*TASK STATEMENT*
Reproduce every record below exactly, with the pictures left out.

*STORED DATA*
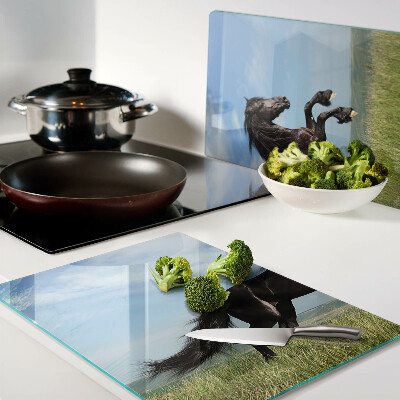 Glass cutting board Black horse in the meadow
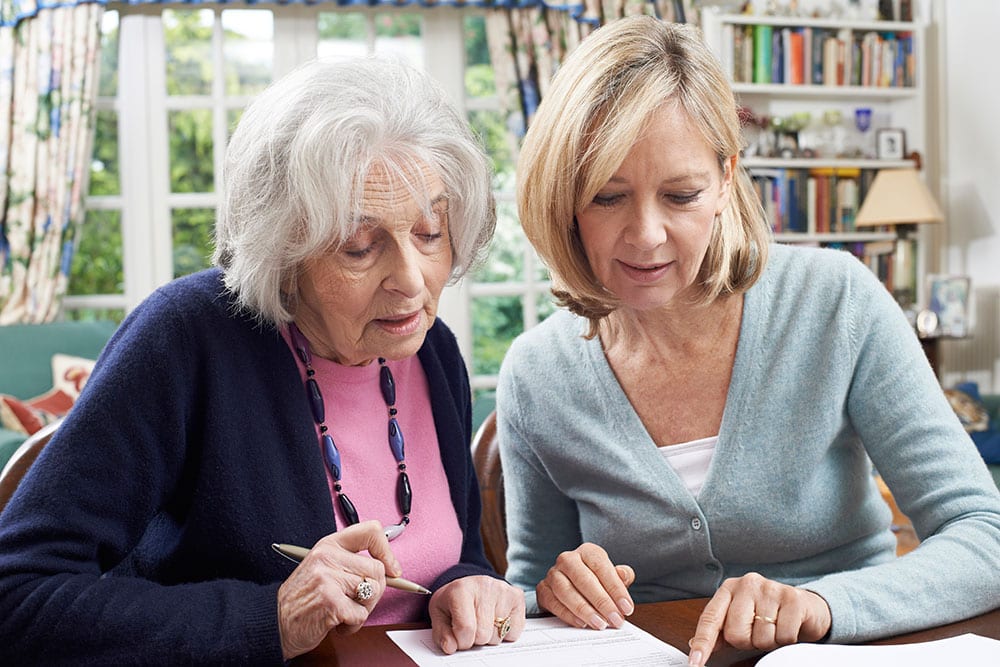 Adult Guardian helping a senior complete a form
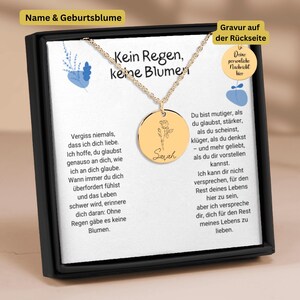 Può includere: Una collana color oro con un pendente rotondo con un motivo floreale e il nome "Sarah". La collana è esposta in una confezione regalo nera con testo in tedesco. Il pendente misura circa 2,5 cm di diametro.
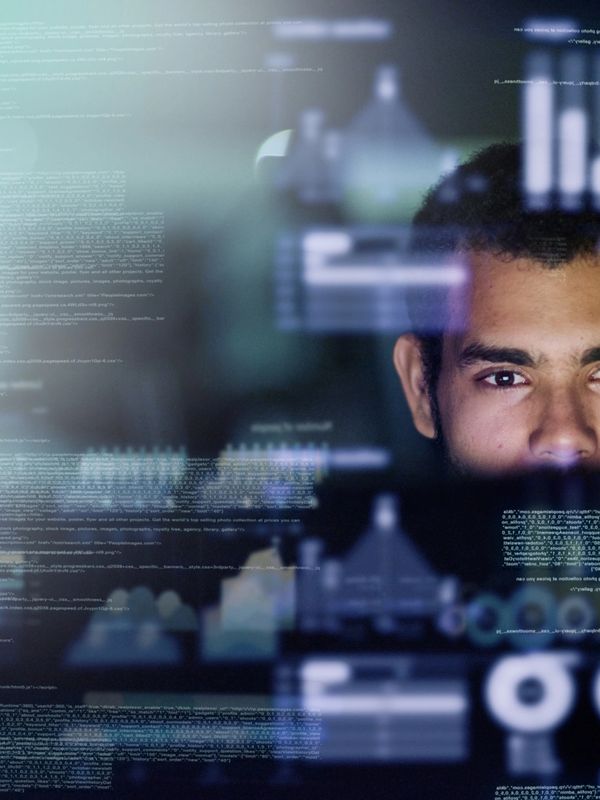 Focused man analyzing digital data and graphs on a transparent screen.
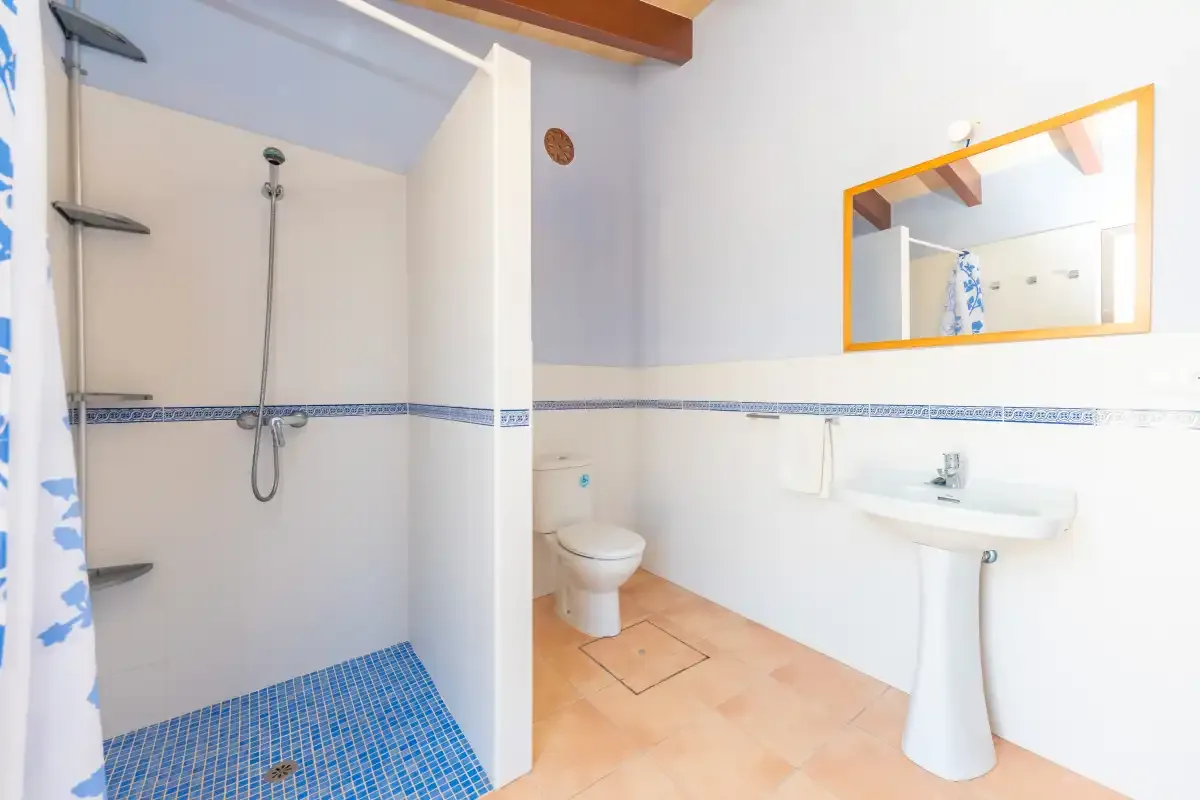 A bathroom with a shower, toilet, and pedestal sink.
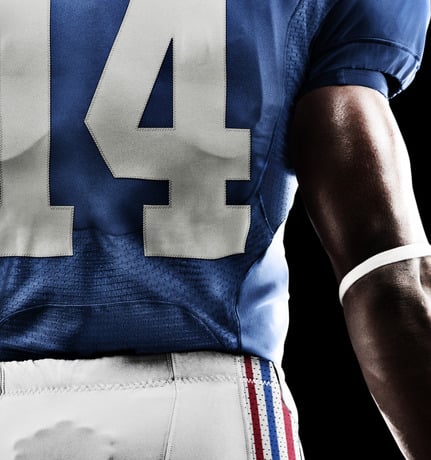 Tonight the NY Giants and Dallas Cowboys will take the field for the NFL season opener wearing Nike’s next-generation NFL uniforms. The NFL Nike Elite 51 Uniform is the most innovative NFL uniform to ever hit the field, delivering superior lightweight performance in a fully integrated system of dress for athletes at the highest level. This uniquely engineered chassis and baselayer combination provides everything an athlete needs and nothing he doesn’t need. Rooted in body-led design, the uniform system is built for a body-contoured fit resulting in zero distractions in order to help amplify speed.  In addition to the new fabrication, teams chose varying levels of design changes reflecting their unique heritage. Both the Giants and the Cowboys have chosen to keep their traditional design aesthetic; however, the Giants stepped into both the new jersey and pant fabrication while the Cowboys have chosen to wear the new jersey threads and keep their former pant fabrication. They’ve also consolidated several colors of blue in the uniform to one distinct hue.  As a player, Nike’s co-founder Bill Bowerman wore the number 51, and after serving in the 10th Mountain Division in WWII he understood the importance of a uniform in battle. Lightweight mattered, as did movement and strength. As a coach, Bowerman knew that extra ounces added up and less weight meant increased mobility and speed.  What Bowerman started, Nike continues to perfect, crafting a fully integrated system of dress where the athlete’s baselayer works in concert with his entire uniform – true innovation from the inside out. Lightweight padding is integrated directly into the crucial “hit zones” in the baselayer. New innovations include integrating Flywire technology into the neckline to reduce weight and provide lockdown fit over pads, increasing sleeve articulation for better range of motion, and integrating new four-way stretch fabrication to provide a streamlined shrink-wrap fit. A design that enables speed without compromise.   THE NFL NIKE ELITE 51 – A Completely Integrated System of Dress  Key features include:  LIGHTER –The Nike jersey and pant, wet or dry are much lighter than previous versions  FLYWIRE TECHNOLOGY- Eliminates layers, reduces weight, and provides lockdown fit  ZONED MESH VENTILATION – Provides cooling zones for optimal thermoregulation  ZONED STRENGTH - High tenacity, stretch material, for light weight lockdown strength  CUT FOR MOBILITY – Four-way stretch, hydrophobic materials enable range of motion wet or dry  STRETCH TWILL NUMBERS – Four-way stretch even on numbering system  CUSTOMIZABLE BASELAYER PADDING – Nike Pro Combat Hyperstrong baselayer with integrated lightweight, Deflex padding offering customizable flexible protection  DEFLEX PADDING - Lightweight, flexible impact protection integrated into top “hit zone” areas  ALUMINUM D-RING BELT - Aircraft-grade aluminum D-ring belt reduces weight  The uniform also features the Nike Vapor Game Sock – a highly innovative sock designed specifically for football. The knee-high design combines compression, Nike Pro inspired cushioning, mesh venting and structure precisely where needed.  The Nike Vapor Jet 2.0 Gloves deliver a lightweight, breathable and articulated fit combined with innovative Magnigrip on the palms and between the fingers for a tacky grip suitable for all weather conditions. The team logo is featured prominently on the palm when athletes interlock both hands.  The Nike Vapor Talon Elite cleat is designed to maximize speed with premium performance attributes including adaptive traction, Hyperfuse construction and carbon fiber strength. Utilizing the best of Nike’s proven technologies, it provides lightweight traction and durability and a lockdown fit. Built for diverse ground conditions, the adaptive traction system utilizes on-demand forefoot talon cleats for multi-directional field movement.   Visit the NFL section of NikeInc.com for more details on Nike's team uniforms.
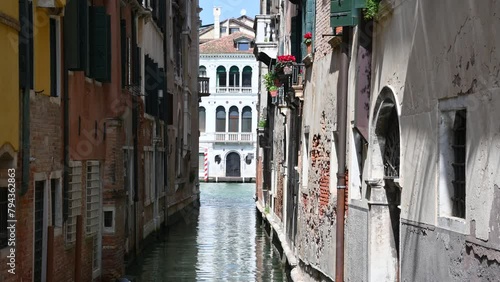 Venetian old narrow canals with buildings on both sides and boats parked on water.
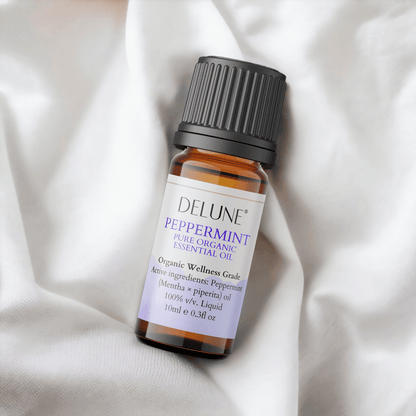 Peppermint Organic Wellness Grade Essential Oil bottle with label, resting on soft fabric, promoting alertness and vitality.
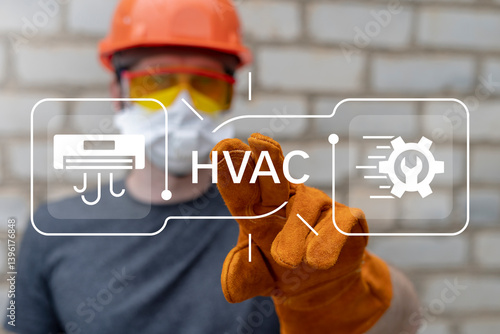 Obraz na płótnie Engineer using virtual touch screen presses text: HVAC. Concept of HVAC or Heating Ventilation Air Conditioning. HVAC engineering. w salonie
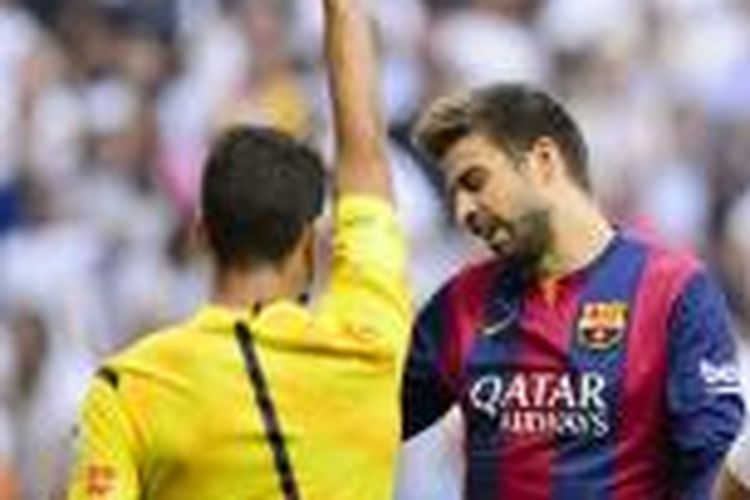 Bek Barcelona Gerard Pique mendapatkan kartu kuning dari wasti Jesus Gil Manzano, karena melakukan handsball di kotak penalti, pada pertandingan Primera Division melawan Real Madrid, di Santiago Bernabeu, Sabtu (25/10/2014).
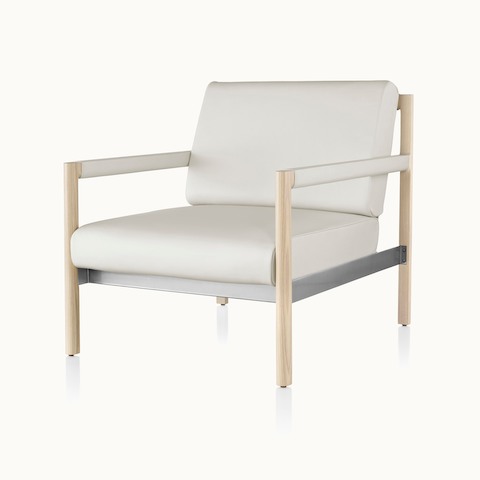Angled view of a Brabo club chair with off-white leather upholstery, leather and metal accents, and an exposed wood frame.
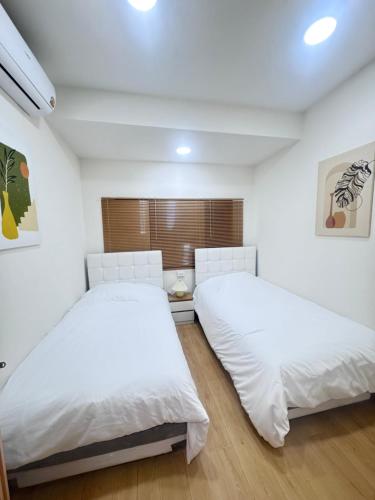 twee bedden in een slaapkamer met witte muren en houten vloeren bij Sun Sun Hostel in Pai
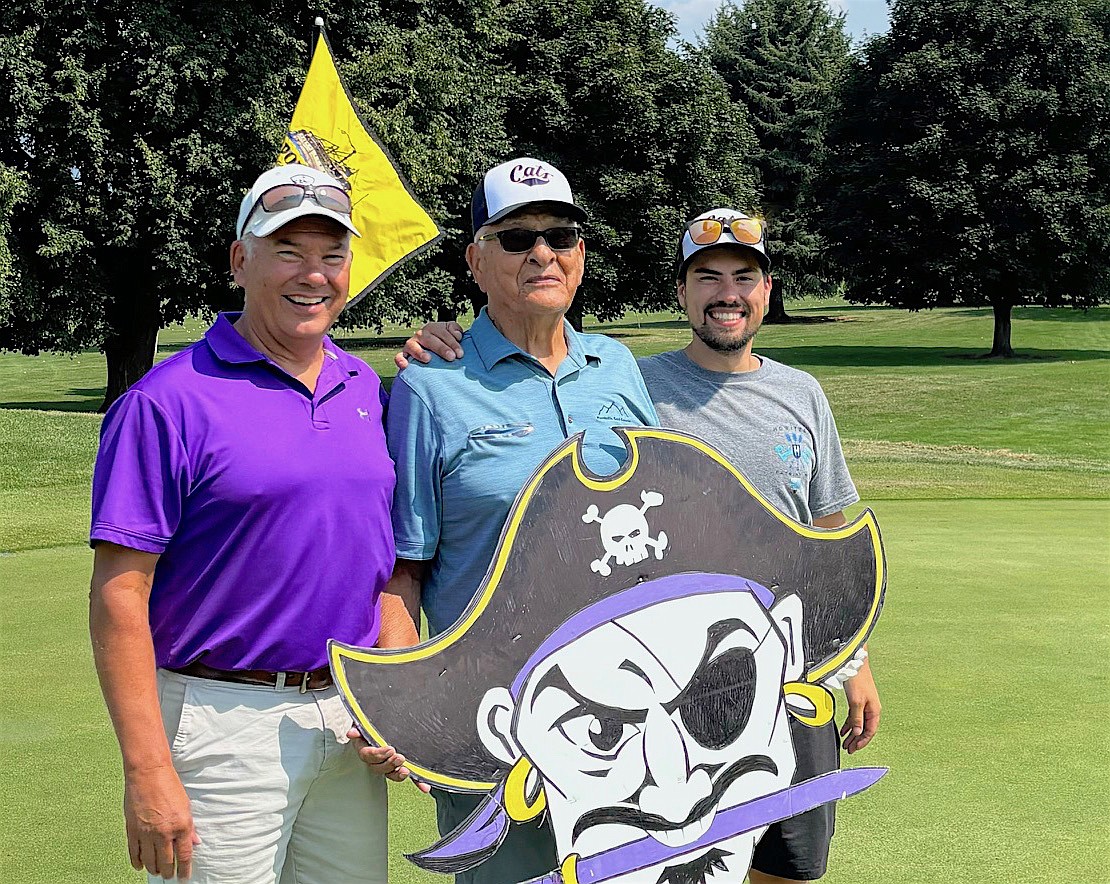 THREE GENERATIONS – Darryl Dupuis (center) with son Gary (left) and grandson Tyler (right) participated in the Polson Alumni/Faculty golf tourney held Aug 10 at Polson Bay Golf Course. (Sue Moore photo)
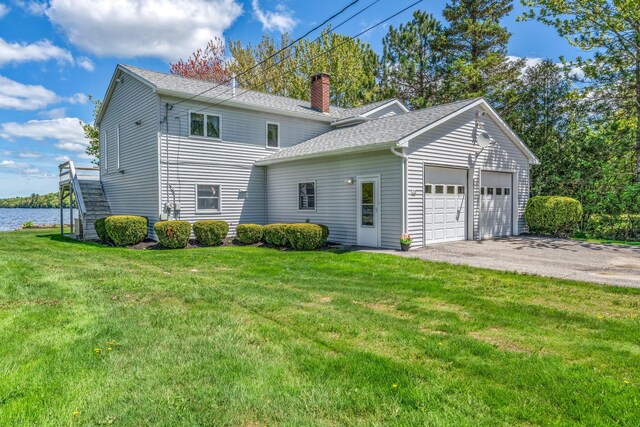 117 Pinkhams Cove Rd, Belgrade, ME 04917 - view of property exterior featuring a chimney, a shingled roof, a lawn, an attached garage, and stairway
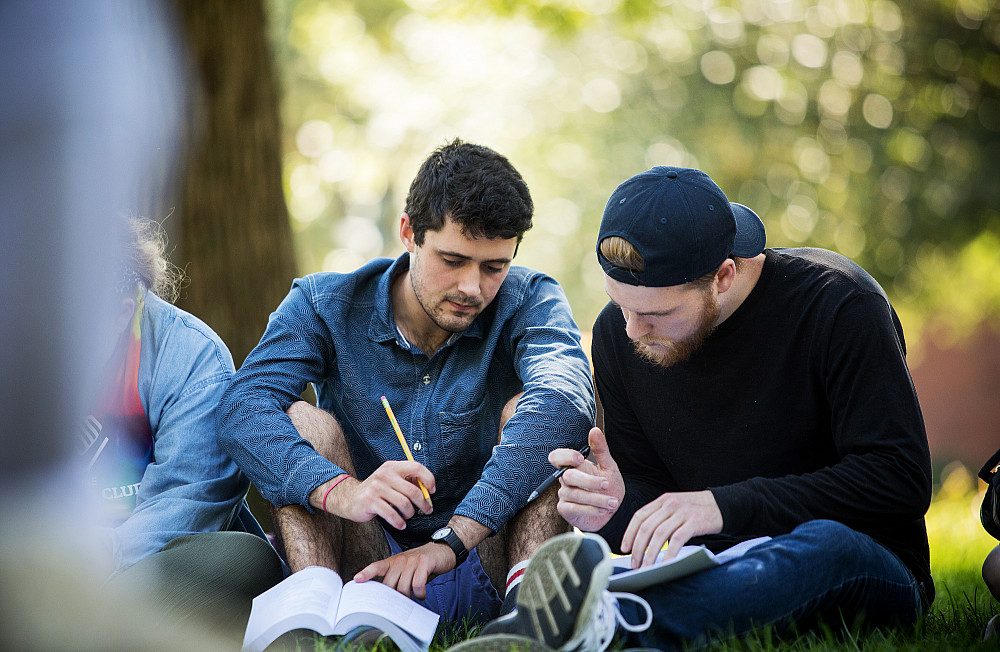 Two Beloit College students work together outdoors during class.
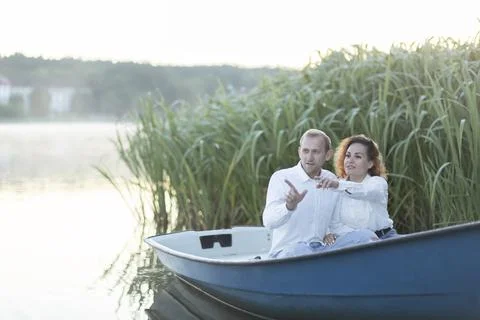 Romantic couple enjoys time sitting in boat, sailing in water,pointing fingers Stock Photos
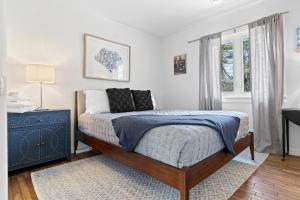 a bedroom with a bed with a blue dresser and a window at Spacious House with Modern Comforts and Nature in Cushing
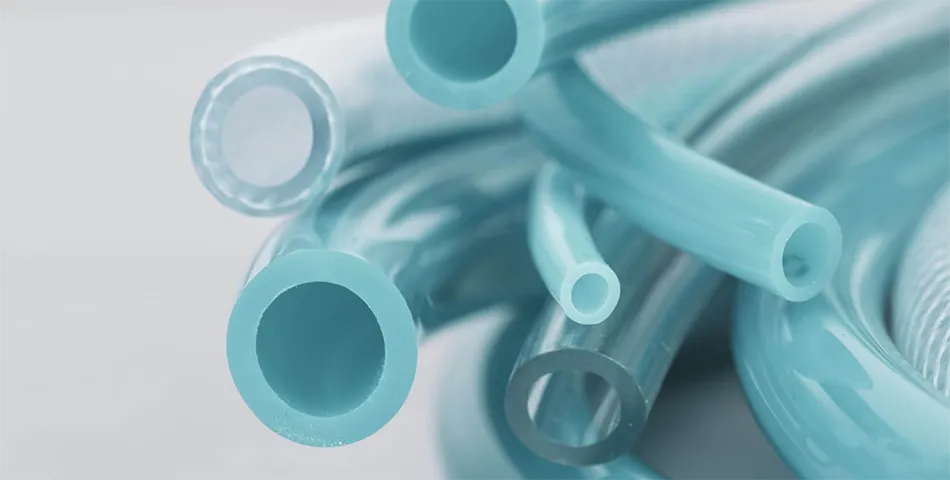 Close-up view of several transparent and opaque blue plastic tubes of different diameters, arranged in parallel on a light background.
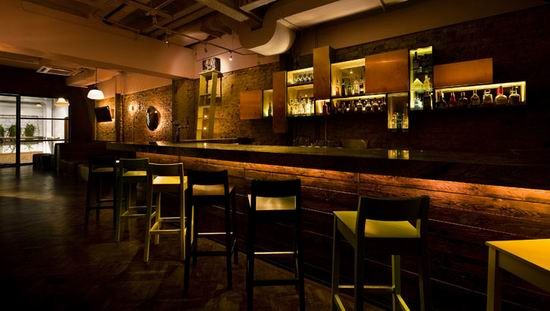 Dimly lit bar with empty stools against a sleek counter, shelves of bottles glowing behind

*EXPECTED OUTPUT*
 Glass cutting board Black horse in the meadow
 Adult Guardian helping a senior complete a form
 Può includere: Una collana color oro con un pendente rotondo con un motivo floreale e il nome "Sarah". La collana è esposta in una confezione regalo nera con testo in tedesco. Il pendente misura circa 2,5 cm di diametro.
 Focused man analyzing digital data and graphs on a transparent screen.
 A bathroom with a shower, toilet, and pedestal sink.
 Tonight the NY Giants and Dallas Cowboys will take the field for the NFL season opener wearing Nike’s next-generation NFL uniforms. The NFL Nike Elite 51 Uniform is the most innovative NFL uniform to ever hit the field, delivering superior lightweight performance in a fully integrated system of dress for athletes at the highest level. This uniquely engineered chassis and baselayer combination provides everything an athlete needs and nothing he doesn’t need. Rooted in body-led design, the uniform system is built for a body-contoured fit resulting in zero distractions in order to help amplify speed.  In addition to the new fabrication, teams chose varying levels of design changes reflecting their unique heritage. Both the Giants and the Cowboys have chosen to keep their traditional design aesthetic; however, the Giants stepped into both the new jersey and pant fabrication while the Cowboys have chosen to wear the new jersey threads and keep their former pant fabrication. They’ve also consolidated several colors of blue in the uniform to one distinct hue.  As a player, Nike’s co-founder Bill Bowerman wore the number 51, and after serving in the 10th Mountain Division in WWII he understood the importance of a uniform in battle. Lightweight mattered, as did movement and strength. As a coach, Bowerman knew that extra ounces added up and less weight meant increased mobility and speed.  What Bowerman started, Nike continues to perfect, crafting a fully integrated system of dress where the athlete’s baselayer works in concert with his entire uniform – true innovation from the inside out. Lightweight padding is integrated directly into the crucial “hit zones” in the baselayer. New innovations include integrating Flywire technology into the neckline to reduce weight and provide lockdown fit over pads, increasing sleeve articulation for better range of motion, and integrating new four-way stretch fabrication to provide a streamlined shrink-wrap fit. A design that enables speed without compromise.   THE NFL NIKE ELITE 51 – A Completely Integrated System of Dress  Key features include:  LIGHTER –The Nike jersey and pant, wet or dry are much lighter than previous versions  FLYWIRE TECHNOLOGY- Eliminates layers, reduces weight, and provides lockdown fit  ZONED MESH VENTILATION – Provides cooling zones for optimal thermoregulation  ZONED STRENGTH - High tenacity, stretch material, for light weight lockdown strength  CUT FOR MOBILITY – Four-way stretch, hydrophobic materials enable range of motion wet or dry  STRETCH TWILL NUMBERS – Four-way stretch even on numbering system  CUSTOMIZABLE BASELAYER PADDING – Nike Pro Combat Hyperstrong baselayer with integrated lightweight, Deflex padding offering customizable flexible protection  DEFLEX PADDING - Lightweight, flexible impact protection integrated into top “hit zone” areas  ALUMINUM D-RING BELT - Aircraft-grade aluminum D-ring belt reduces weight  The uniform also features the Nike Vapor Game Sock – a highly innovative sock designed specifically for football. The knee-high design combines compression, Nike Pro inspired cushioning, mesh venting and structure precisely where needed.  The Nike Vapor Jet 2.0 Gloves deliver a lightweight, breathable and articulated fit combined with innovative Magnigrip on the palms and between the fingers for a tacky grip suitable for all weather conditions. The team logo is featured prominently on the palm when athletes interlock both hands.  The Nike Vapor Talon Elite cleat is designed to maximize speed with premium performance attributes including adaptive traction, Hyperfuse construction and carbon fiber strength. Utilizing the best of Nike’s proven technologies, it provides lightweight traction and durability and a lockdown fit. Built for diverse ground conditions, the adaptive traction system utilizes on-demand forefoot talon cleats for multi-directional field movement.   Visit the NFL section of NikeInc.com for more details on Nike's team uniforms.
 Venetian old narrow canals with buildings on both sides and boats parked on water.
 Peppermint Organic Wellness Grade Essential Oil bottle with label, resting on soft fabric, promoting alertness and vitality.
 Obraz na płótnie Engineer using virtual touch screen presses text: HVAC. Concept of HVAC or Heating Ventilation Air Conditioning. HVAC engineering. w salonie
 Bek Barcelona Gerard Pique mendapatkan kartu kuning dari wasti Jesus Gil Manzano, karena melakukan handsball di kotak penalti, pada pertandingan Primera Division melawan Real Madrid, di Santiago Bernabeu, Sabtu (25/10/2014).
Angled view of a Brabo club chair with off-white leather upholstery, leather and metal accents, and an exposed wood frame.
 twee bedden in een slaapkamer met witte muren en houten vloeren bij Sun Sun Hostel in Pai
 THREE GENERATIONS – Darryl Dupuis (center) with son Gary (left) and grandson Tyler (right) participated in the Polson Alumni/Faculty golf tourney held Aug 10 at Polson Bay Golf Course. (Sue Moore photo)
 117 Pinkhams Cove Rd, Belgrade, ME 04917 - view of property exterior featuring a chimney, a shingled roof, a lawn, an attached garage, and stairway
 Two Beloit College students work together outdoors during class.
 Romantic couple enjoys time sitting in boat, sailing in water,pointing fingers Stock Photos
 a bedroom with a bed with a blue dresser and a window at Spacious House with Modern Comforts and Nature in Cushing
 Close-up view of several transparent and opaque blue plastic tubes of different diameters, arranged in parallel on a light background.
 Dimly lit bar with empty stools against a sleek counter, shelves of bottles glowing behind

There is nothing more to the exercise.